Cette mise en avant est clé, elle permet de placer l’engagement des données au plus près de leur connaissance, de leur gestion, de leurs usages. Autrement dit le domaine formalise l’idée d’être au plus proche des responsabilités métier par opposition à une vision centralisée de gestion des données. Et effectivement une part des échecs des approches centralisées (type data lake) est due à une mauvaise prise en compte de cette responsabilité.
Un petit vécu sur deux retours d’expérience d’échecs de data lake :
1) Dans le 1er cas un data lake central a été initié avec l’appui pilote d’un domaine métier porteur. Le projet data lake n’est jamais arrivé à attirer d’autres domaines métier. Ces derniers ayant pris peur d’être dépossédés de leurs données, de par l’effet central et de par la prééminence (voir une crainte d’hégémonie) du domaine métier pilote et porteur.
2) Dans le 2ème cas, un data lake central est mis en place. Avec l’intégration des données de plusieurs domaines métier. Le data lake joue son rôle, de la valeur ajoutée est dégagée par des nouvelles capacités d’analyse, d’exploitation des données. Mais au bout de deux ans, le data lake « s’effondre » sur lui-même. La course à l’intégration de plus en plus de données, la course aux delivry de projets métier data de toutes natures, les contraintes d’intégrer de plus en plus de règles métier autour des données a conduit à un effet ciseau et de tensions (central/local) :
- du côté du data lake, l’équipe en charge est passée de moins de 10 personnes à plus de 70 personnes pour « assurer » les responsabilités vis-à-vis des données embarquées et des projets délivrés, avec hélas les défauts de la centralisation et l’éloignement du terrain métier (« on ne comprend pas trop ce qu’on manipule et pourquoi ! »),
- et du côté des domaines métier, on a progressivement délégué, transféré puis abandonné à l’équipe data lake les responsabilités autour des données (« ce n’est plus notre problème, elles sont chez eux ! »).

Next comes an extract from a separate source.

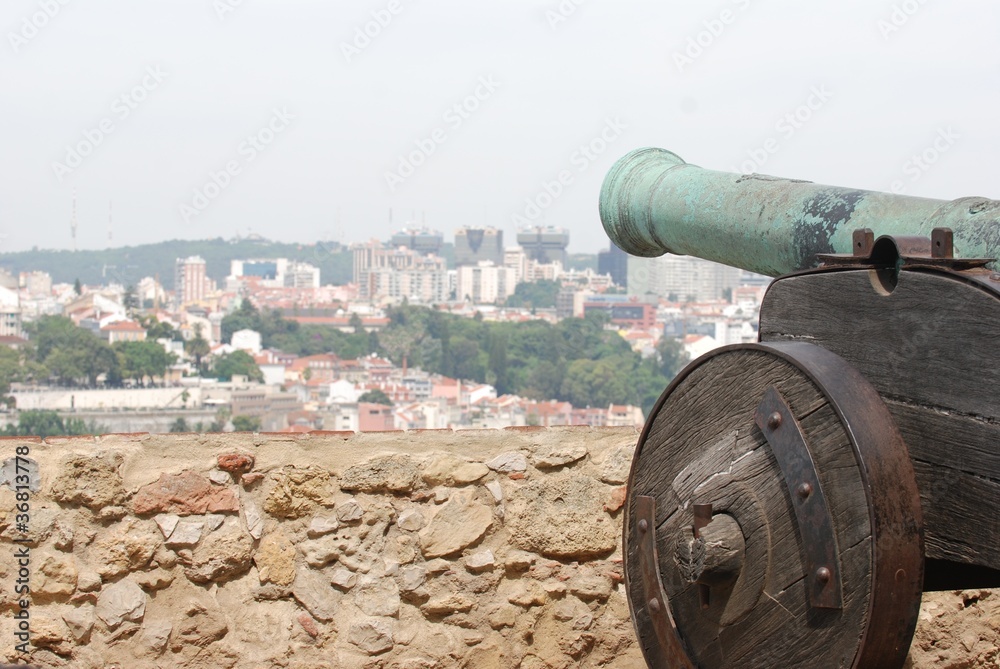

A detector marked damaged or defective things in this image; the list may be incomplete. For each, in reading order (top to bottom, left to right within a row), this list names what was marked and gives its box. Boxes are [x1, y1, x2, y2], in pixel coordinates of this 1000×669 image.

Dans les deux cas la perte ou la peur de perte de responsabilité sur les données ont conduit à l’échec.
L’approche data mesh à la vertu de se réconcilier avec l’idée d’une gestion des données « au plus proche des domaines de responsabilité ».
Remise en cause de la logique de référentiels de données d’entreprise parce que relevant d’une perspective centralisatrice
Mais attention, l’effet tendance data mesh pousse certain à porter aux nues l’approche par domaine métier et leur autonomie associée, avec le mirage : de la non nécessité de la gestion de données de référence d’entreprise. Dans le paradigme data mesh, les données sont distribuées dans les domaines. La gestion traditionnelle centralisatrice et redescendante des données de référence ne fonctionnera tout simplement pas.
Forcément le sujet ne peut que m’interpeller.
Les référentiels de données jouent fondamentalement un rôle clé (voir https://www.datassence.fr/referentiels-de-donnees/ et https://www.dunod.com/sciences-techniques/referentiels-du-systeme-d-information-donnees-reference-et-architectures-d ).
L’origine de ce mirage part de l’opposition local (domaine) / central.
Les référentiels de données seraient de l’obédience centrale et donc hors de la logique data mesh.
Que l’on se rassure le rôle des référentiels n’est absolument pas remis en cause par le data mesh. Leur rôle est et reste fondamental : indispensable au data mesh.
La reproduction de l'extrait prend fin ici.